“Solid” tumors that have not metastasized significantly respond well to local treatment. Such tumors can either be removed surgically or destroyed using radiation, and local procedures may also be combined with chemotherapy. This approach is particularly effective for eliminating microscopic metastases in addition to the solid tumor.
Radiotherapy involves treatment with ionizing radiation. This includes any form of electromagnetic radiation and treatment with decaying radioactive substances. Accelerated particles with sufficient energy to shift the electrical charge in the atoms of the cell (which “ionizes” the cell) are also used. All radiotherapy-based cancer treatments fall into this category.
There are two types of radiotherapy: brachytherapy (short-range therapy) and teletherapy (treatment through the skin).
- Brachytherapy involves the use of radioactive materials (isotopes) which generate radiation with an effective range ranging from a few millimeters to a few centimeters. These isotopes are generally implanted in the body or in the diseased organ, where they irradiate the tumor at close range for a specified period of time. Some radiotherapists use radioactive needles to treat prostate cancer. The treatment’s success hinges on the accuracy with which the needles are placed in the prostate (a relatively mobile body part ). A more elegant example is the use of radioactive iodine to irradiate thyroid tumors. Brachytherapy is restricted to specific sites and conditions, so it accounts for less than ten percent of all radiotherapy treatment.
- Teletherapy usually employs x-rays, although proton radiation also falls in this category. The basic principle of teletherapy involves targeting the tumor with radiation aimed through the skin and healthy tissue.

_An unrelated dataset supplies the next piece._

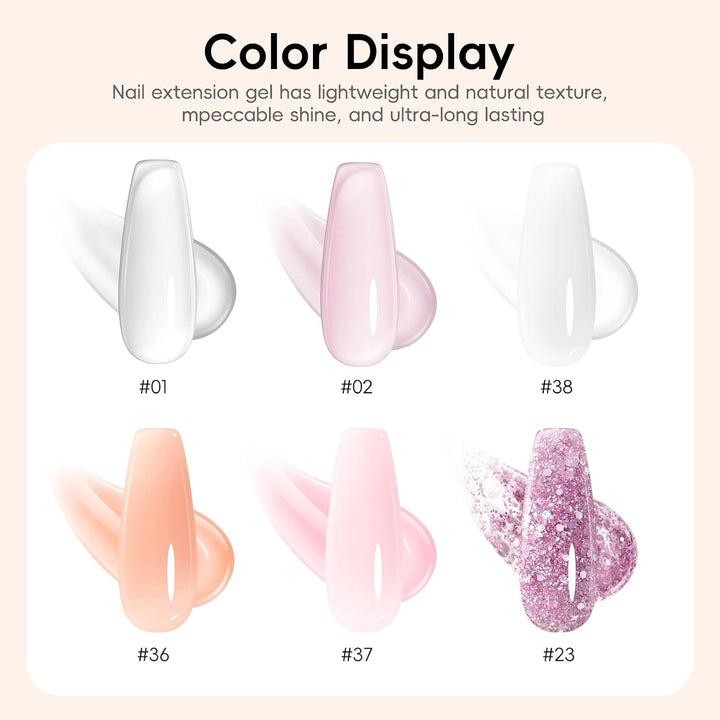 PEACECOLOR - Kit de inicio de gel de uñas de poly con lámpara de uñ...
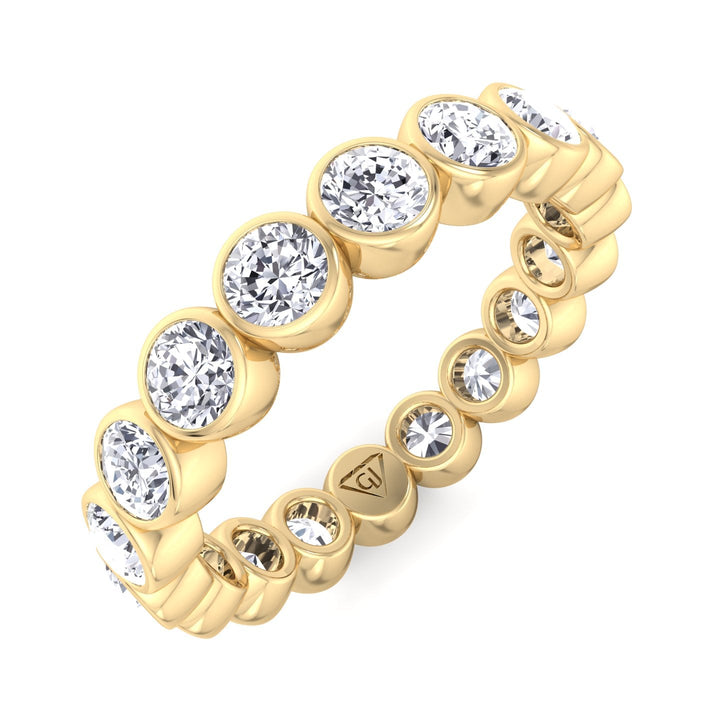 Bezel Set Round Cut Diamond Yellow Gold Eternity Band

All ionizing radiation has one important characteristic in common: it is not tumor-specific. The radiation also attacks healthy tissue–some areas and types more than others–but basically equally throughout. The variability in radiation’s effects is due in part to the greater sensitivity of the rapidly dividing cancer cells. The “reparability” of cells also varies for different tissues.
The non-specific action of radiotherapy, however, is a major advantage. It doesn’t give the cancer cells an opportunity to mutate and develop resistance. The genetic material of the cell is irreversibly destroyed in all the cells which are irradiated; thus, this treatment can only be used locally and selectively. Efficacy increases with more accurate targeting, as does the patient’s ability to tolerate the treatment well. Patients benefit from precise targeting of the tumor, because fewer healthy cells are destroyed. The more accurate the targeting, the better it is for the patient.